Top of Supplied material

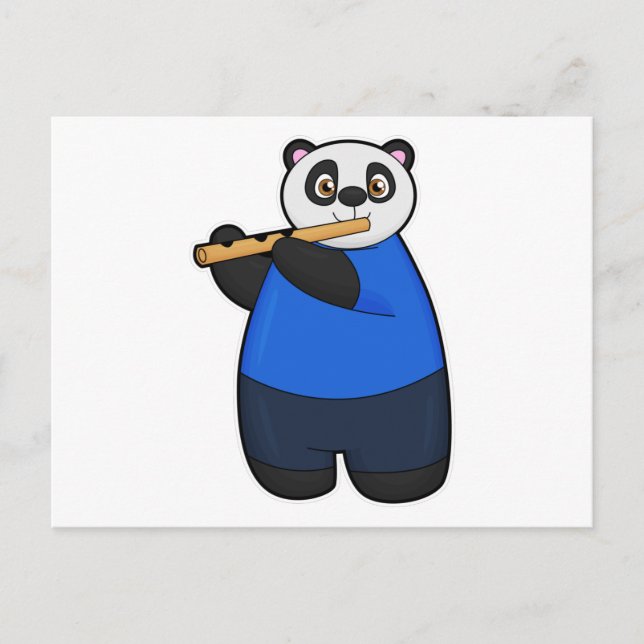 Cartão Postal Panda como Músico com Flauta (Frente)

Bottom of Supplied material
Top of Supplied material

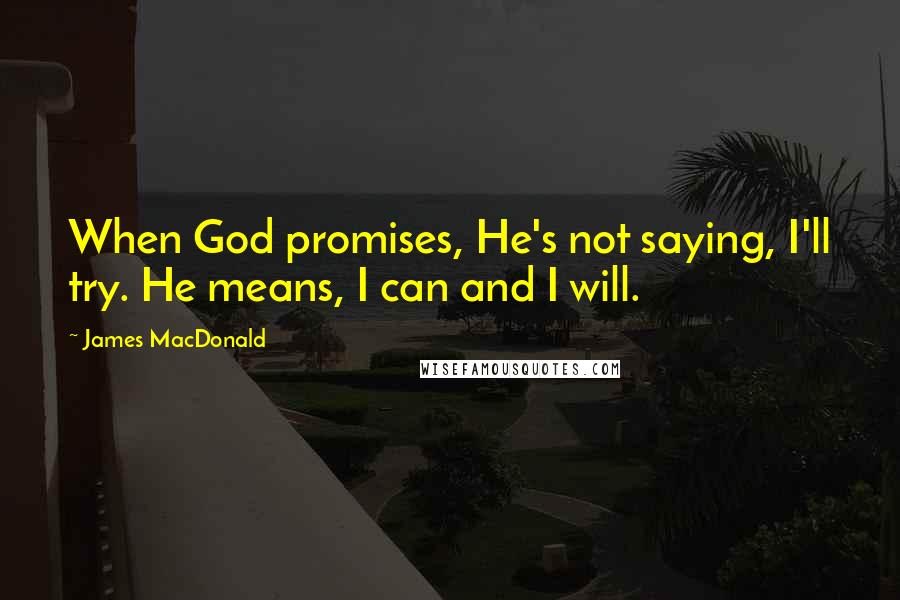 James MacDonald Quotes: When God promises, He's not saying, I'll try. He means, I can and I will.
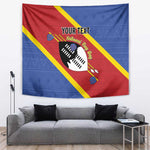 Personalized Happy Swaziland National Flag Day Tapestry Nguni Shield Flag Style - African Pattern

Bottom of Supplied material

## [Instructions to follow]
Exact copy, pictures excluded: every line above from the one containing "James MacDonald Quotes: When" to the one containing "Personalized Happy Swaziland", inclusive, and nothing more.

## [Solution to this problem]
 James MacDonald Quotes: When God promises, He's not saying, I'll try. He means, I can and I will.
 Personalized Happy Swaziland National Flag Day Tapestry Nguni Shield Flag Style - African Pattern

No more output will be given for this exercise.